You’re always going to want to assess your personal financial stability and what your exit plan actually is. I don’t want anyone to jump into this without having really evaluated how much they have in savings, whether or not they are only leaving if they have a job lined up or if they plan to not sign their teaching contract and hope that something pops up within a certain timeframe. Those are all things that you really need to sit down and consider, especially with potentially a competitive job market. Last, let’s talk about your passion for your job because if you are looking at all of this risk and you are saying to yourself, “Teaching isn’t that bad. I actually enjoy staying in the classroom and this risk is scaring me. It is not worth all of this work. I actually can just find happiness in my career inside the classroom,” then lean into that.

Try and change schools, districts, try and change grades if you are struggling with the classroom management of a certain grade level and you think that that may help you find happiness because yes, this is going to be a lot of work and it’s scary and there’s risk involved in it, but if I just said all of that and you know in your heart you do not want to retire from teaching then often the risk is worth it. It is worth it for you to overcome these obstacles in order for you to find happiness in your career, especially if you have 10 years left, 15 years left, 20 years left in this profession. That is too long to stay in a job where you are unhappy just due to something being a roadblock that gets in your way.

I’ve talked about a lot of the things that can come into play with leaving your position, the fear, the feelings of grief, the feelings of teacher guilt. I’ve had full podcast episodes where I’ve covered that, but when it comes to the economic uncertainty right now it’s important to continue to go back and understand the psychology that comes into play when you are leaving a job. Negative bias is when our brain naturally looks for the negative things to protect us from harm. I have seen teachers who have walked away from offers based on looking for red flags that after they started to calm down and they started to heal from the trauma and the stress of what they went through, they realized that they had made a mistake and that they had overthought it and they were really looking for red flags when red flags weren’t there.
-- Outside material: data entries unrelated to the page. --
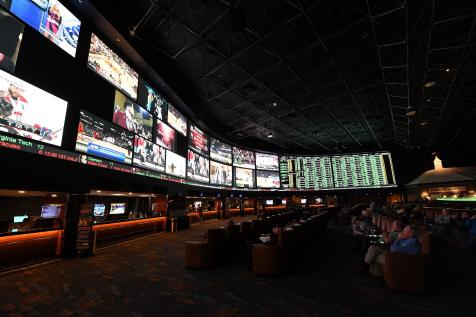 How to bet on golf in Las Vegas and not look like an idiot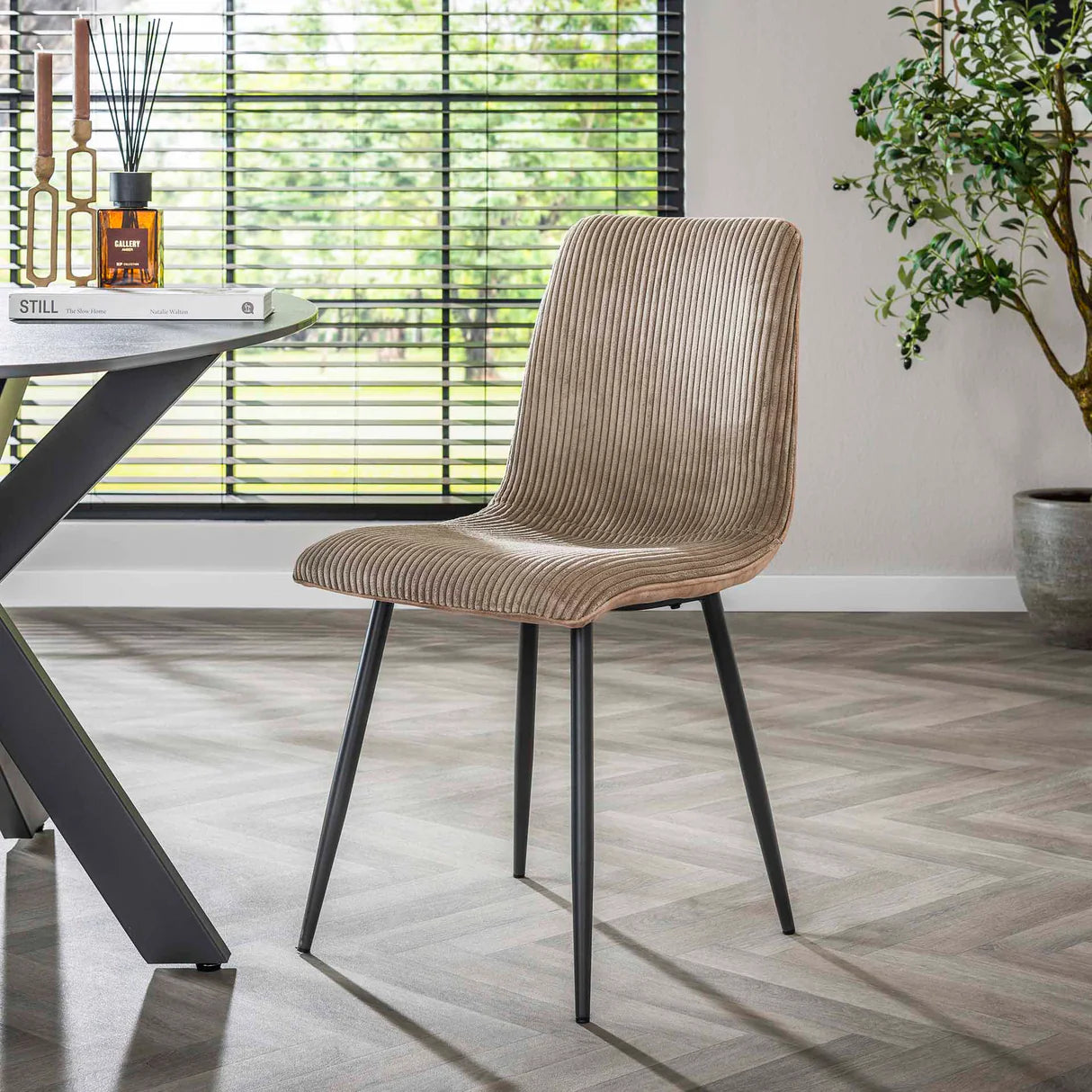 Roter Rib Stuhl von lefurn.de mit ergonomischem Design und modernen Linien, ideal für Esszimmer und Arbeitsbereiche.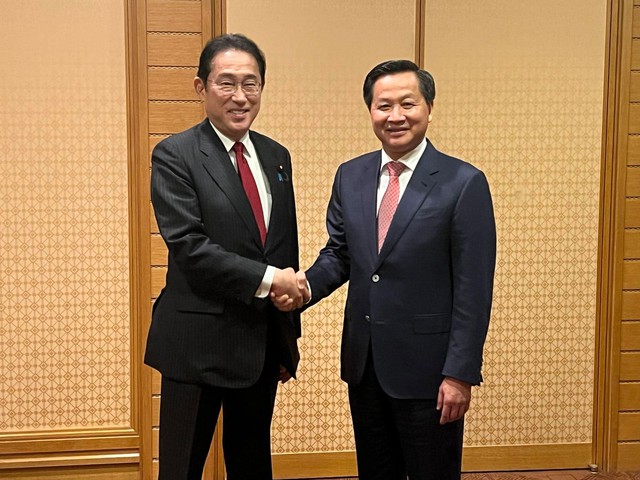 Tại cuộc gặp với Thủ tướng Nhật Bản Kishida Fumio ngày 24-5, Phó Thủ tướng Lê Minh Khái nhấn mạnh Việt Nam luôn coi Nhật Bản là đối tác quan trọng hàng đầu và lâu dài Ảnh: BỘ NGOẠI GIAO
This negative bias may be what you are looking for. If you are on LinkedIn and you’re supposed to be working on upskilling and you see one single post that says there was a layoff at a new company and that alone makes it where you want to just curl up in a ball and hide and not move forward with this goal, you may be looking for things that are confirming that you can stay in this area of discomfort because change is going to be hard. Your brain’s working in a way that it’s trying to protect you from outside factors, from harm, but this can also lead us to staying in really uncomfortable and unhealthy situations because our brain is pre-conditioned to protect us from making these types of changes and to overcoming these types of obstacles and roadblocks.

I remember when I first got into teaching, there were so many teachers who had left the profession because of so many pink slips. Pink slips can come back. There could be instability in teaching in 10 years. We don’t know that. We can’t foresee the future. So if you need to counteract the feeling of instability and the feeling of risk with another career by reminding yourself teaching does not actually come with that much security and that little risk, and while right now teachers feel like they have job security, they don’t have physical security. They feel physically unsafe on a day-to-day basis. They also have the risk of having mental health issues on a day-to-day basis just based on the amount of stress. Negativity bias is going to look for things to tell you that, “Here’s some negative information.” It’s going to confirm that a change is not necessary, it’s going to tell you you should stay put, you should not change, but you need to look around your situation, around your environment and figure out is a change necessary in your situation and start to kind of identify if you think negativity bias is showing up and impacting your decision-making and leaving you paralyzed in fear.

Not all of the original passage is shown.